Güneş yavaş doğarken ufkun önünde bir slüet havadan yavaş yavaş onu neyin beklediğini bilmeden dağın zirvesine doğru yaklaşıyordu.
Birkaç dakika sonra dağda bir yabancı ihtiyarla karşılaştı bu ihtiyar bagın bir şekilde yatıyordu Feng Wei ona acıyıp durumunun ne olduğunu kontrol etmeden önce çevreyi kolaçan etti nede olsa burada bir tuzak olabilirdi kontolü bittikten sonra Orman Ruhu Kalbini açığa çıkardı.
İhtiyar adamın durumunu kontrol ettikten sonra adamın durumunu anlamıştı ' Uzun zamandır aç ve sussuz bırakılmış üstelik yaralarına bakılırsa çok fazla kişiyle savaşmış olmalı ve vücudu artık dayanamayıp çökmüş '
1 Saatin sonunda Feng Wei sonunda ihtiyar adamı ayağa kaldırdı ama adam uynaır uyanmaz savunma pozisyonuna geçti ve Feng Wei ile arasına mesafe koydu.
" Kimsin sen ve bana naptın " ihtiyar adam sinirli ve tükenmiş bir şekilde konuştu.
" Sana zarar vermek isteseydim seni kurtarmak yerine öldürürdüm bu yüzden bu su ve erzağı al "
Feng Wei yaşlı adma karşı kibar davrandı ve ona yiyecek verdi fakat adam ona bile temkinli yaklaştı iyice kontrol ettikten sonra yemeği yedi.
Feng Wei ise daha fazla oyalanmak istemedi ve 8 kanatlı kaplanına binmeye hazırlandı fakat yaşlı adam ona durmasını söyledi.
Feng Wei arkasına döndü ve " Ne oldu bir şeye mi ihtiyacın var " diye sordu.

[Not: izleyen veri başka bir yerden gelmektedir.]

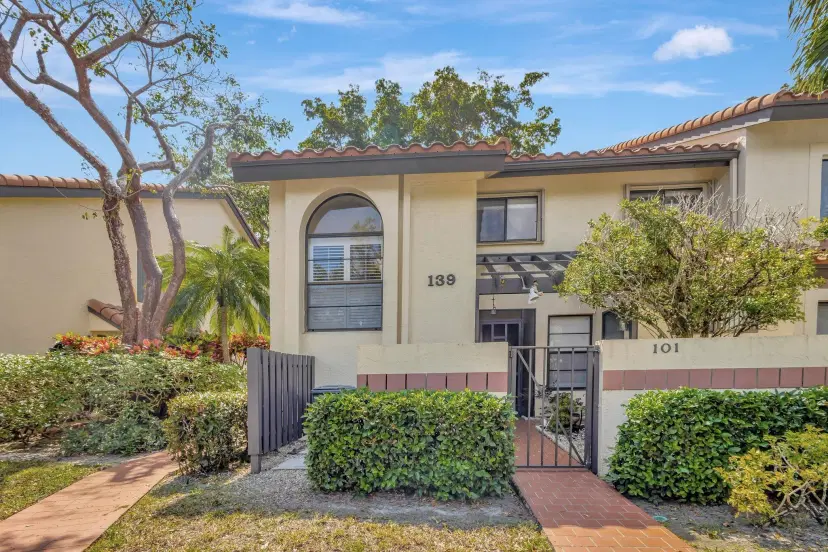 Picture of 5904 S End Lake Drive 201, Boynton Beach FL 33437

adam 100 lü yaşlarında görünüyordu fakat Feng Wei onun bu kadar yaşlı olduğunu düşünmüyordu onun bu şekilde tükenmiş ve ağarmış gözükmesinin sebebi yıllar olamazdı.
Zaten eğer bir yetişimciyse birkaç yüzyıl onun bu şekilde gözükmesine neden olamazdı.
" Beni yanında götür sana çok yardımcı olurum " ihtiyar adamı bu sözlerini tuhaf bir şekilde inançla söylemişti.
" Seni yanımda götüremem çünkü bana yardımcı değil ayak bağı olursun ben güçlenmek isteyen biriyim ve neden sırtıma fazladan bir yük bindireyim değilmi "
Feng Wei kendi çapında haklıydı kim neden kendisine yük olan birini yanında tutmak isterdi ki.
" Ben önemli biriyim beni yanında götür " adam ısrarla konuşmaya devam ediyor Feng Wei den onu yanında götürmesini istiyordu.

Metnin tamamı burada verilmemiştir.